Total recall and Flying Faders became an integral part of music recording in the 1970s, allowing EQ settings and fader positions to be loaded into a computer attached to the mixing desk and called up at a later time when required. Less flashy and obvious is the work of the ubiquitous compressor, a unit that featured in every studio rack and now every digital audio workstation as a plug-in. It is used in transmission to control peak volumes and in music or broadcast is able to limit the dynamic range of a vocal or instrument.
“Controlling dynamic range and the use of compressors could be a broadcast definition of AI because it is data driven,” comments Christopher Hicks, director of engineering at CEDAR Audio. “It removes the need for a human brain. Anything that is automated can be described as AI.” While the term AI has solid scientific and academic foundations, it has also become something of a nebulous, catch-all buzz phrase, which was not helped by the Steven Spielberg film of the same name.
“We prefer the term machine learning because it has connotations of being able to look at the data that has been extracted directly” Christopher Hicks, CEDAR Audio
There is also some confusion with the associated terms machine learning and digital neural networking (DNN). All three are often used interchangeably but are not synonymous. “AI as a term has been around for decades and in computer science is a big umbrella category,” says Hicks. “We prefer to use the term machine learning because it has connotations of being able to look at the data that has been extracted directly, without working to a prescribed model of what to expect.”

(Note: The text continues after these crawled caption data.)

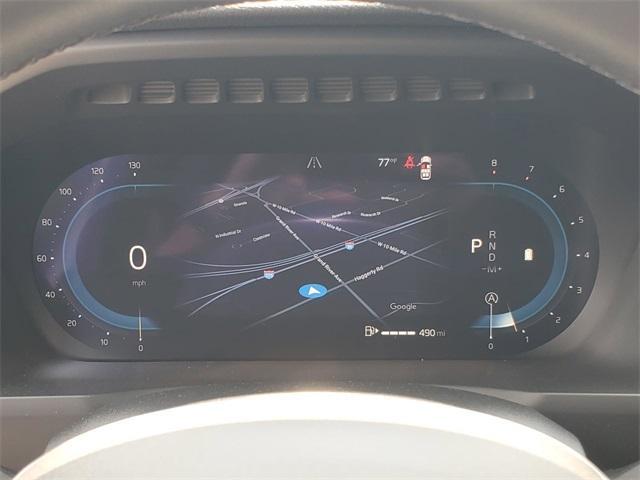 used 2025 Volvo XC90 car, priced at $61,400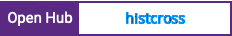 Open Hub project report for histcross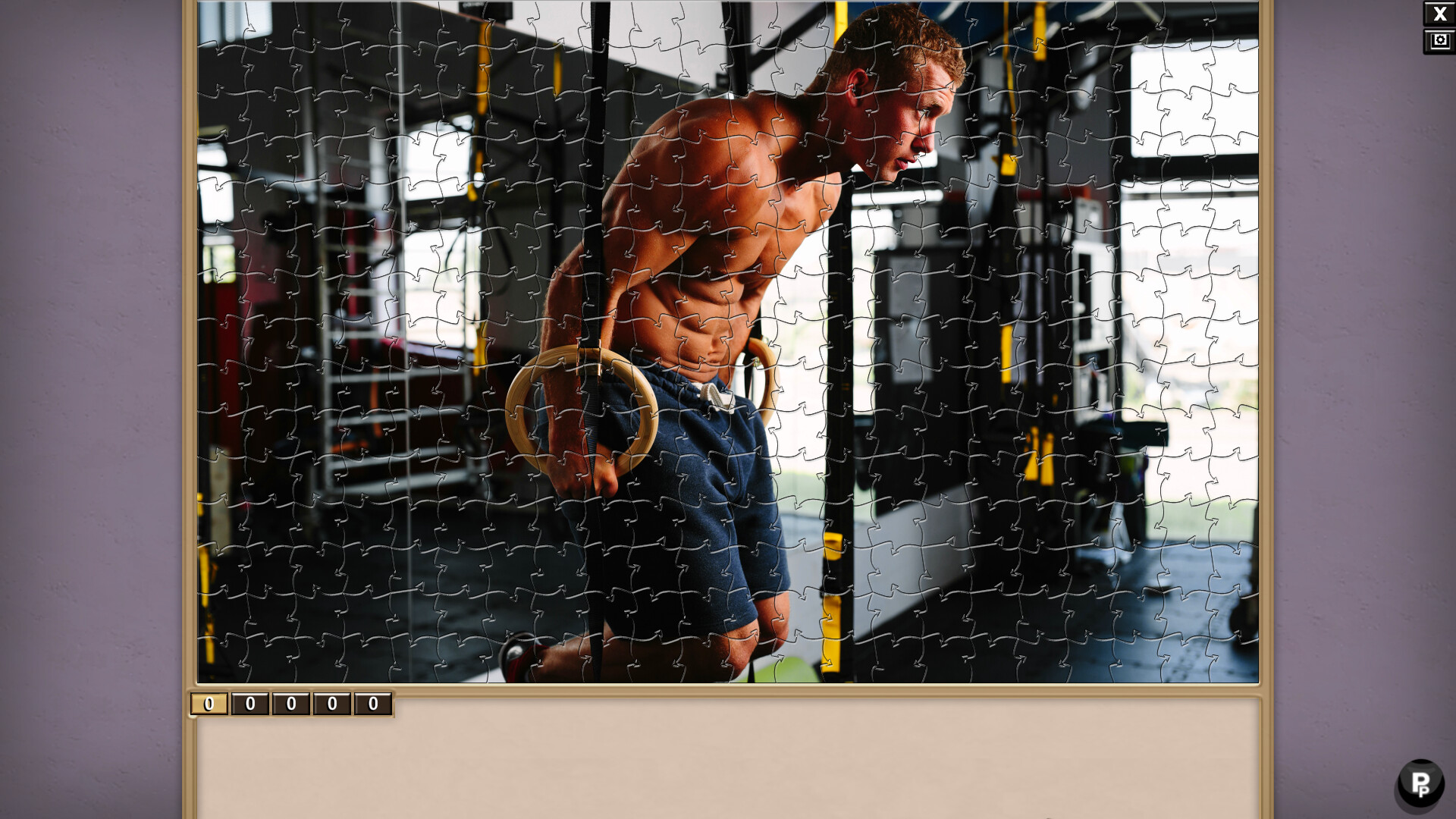 Jigsaw Puzzle Pack - Pixel Puzzles Ultimate: Fitness screenshot 7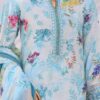 UNSTITCHED DIGITAL PRINTED 3-PIECE SUIT - MVISCOSE RAW SILK - Image 46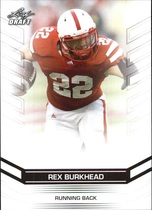 2013 Leaf Draft #59 Rex Burkhead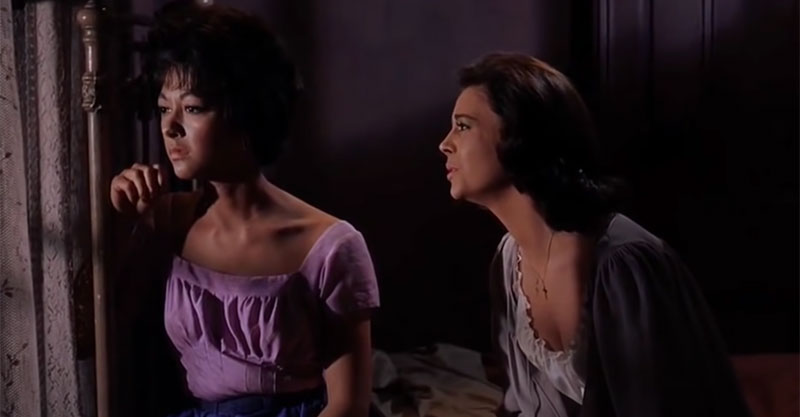 “A Boy Like That/I Have A Love” from West Side Story
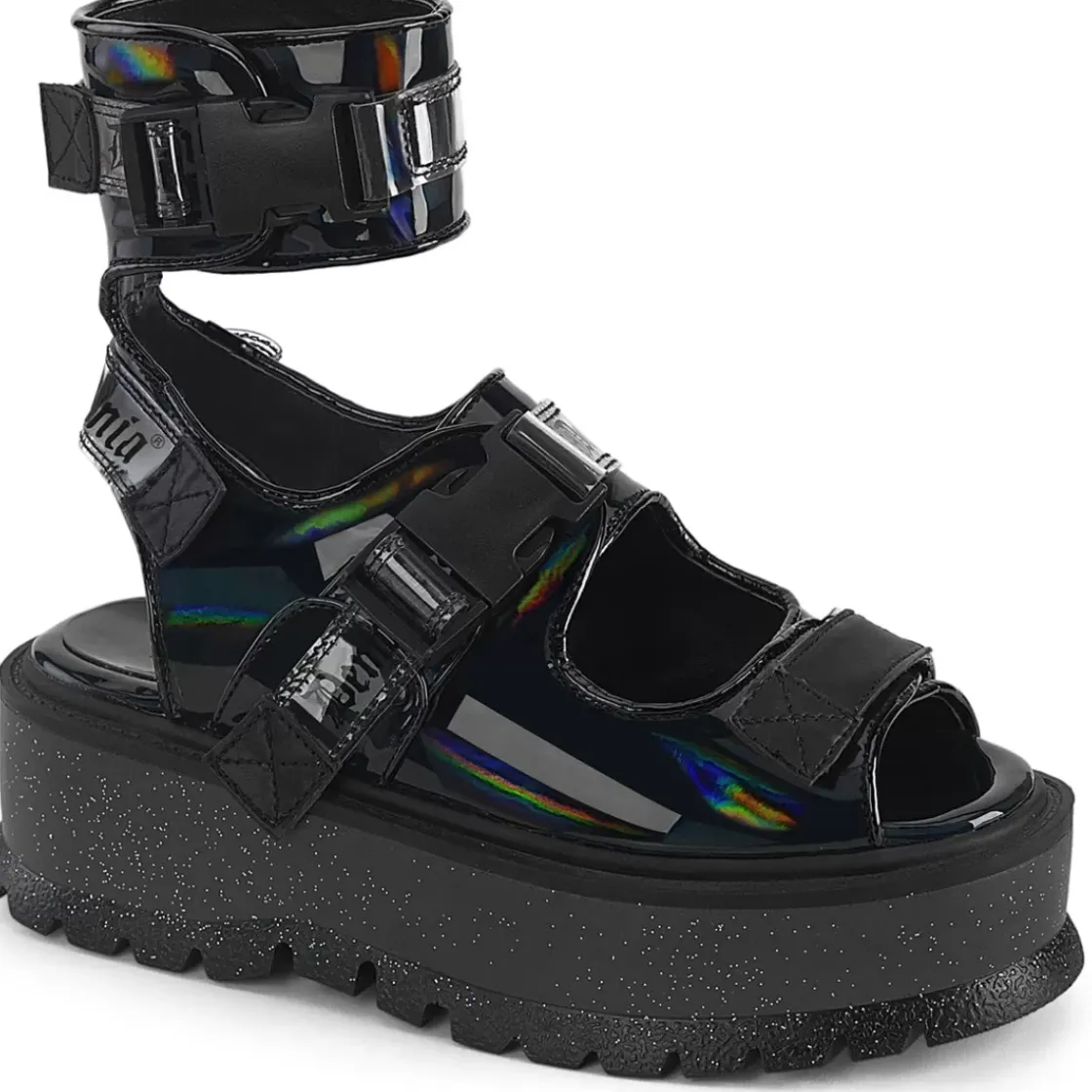Women Demonia Cult Slacker-15B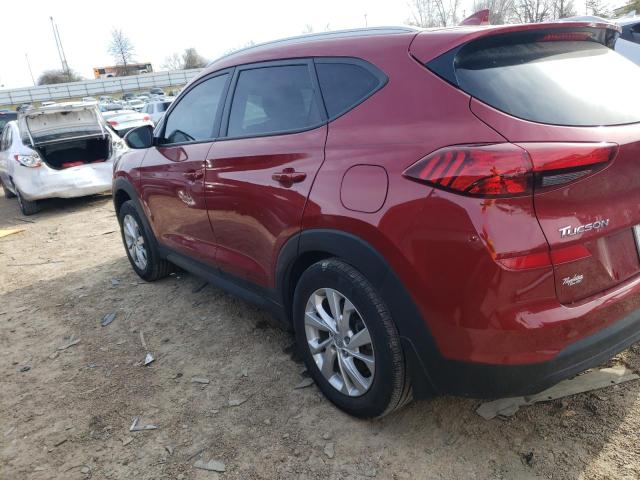 2021 Hyundai Tucson Limited VIN: KM8J3CA49MU328803 Lot: 44178013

In this way machine learning differs from DNN because it involves loose statistical models as opposed to more rigid parameters. DNN is based on large amounts of training data, derived from specific examples, such as recognising particular types of voices and accents or sounds such as air conditioning or traffic. The drawback is that the program is not effective if presented with something it has not been programmed to recognise.
DNN is one way of implementing machine learning but it is too rigid,” observes Hicks. CEDAR Audio is a long-standing developer and manufacturer of sound restoration systems. Initially based on hardware devices, its technology is now also available in software form and used widely to clean up and repair location recordings in TV and film post-production, as well as restoring archive material.
CEDAR first employed aspects of machine learning in 2012 when it launched the DNS 8 Live multi-channel dialogue noise suppressor. This is able to remove background noise from speech and although designed for concert halls and conference venues, is also used in broadcast studios, post facilities and for sports anchoring. This was followed by the DNS 2, a portable unit designed for location recording that is able to deal with traffic noise, wind, rain and make allowances for poorly positioned microphones.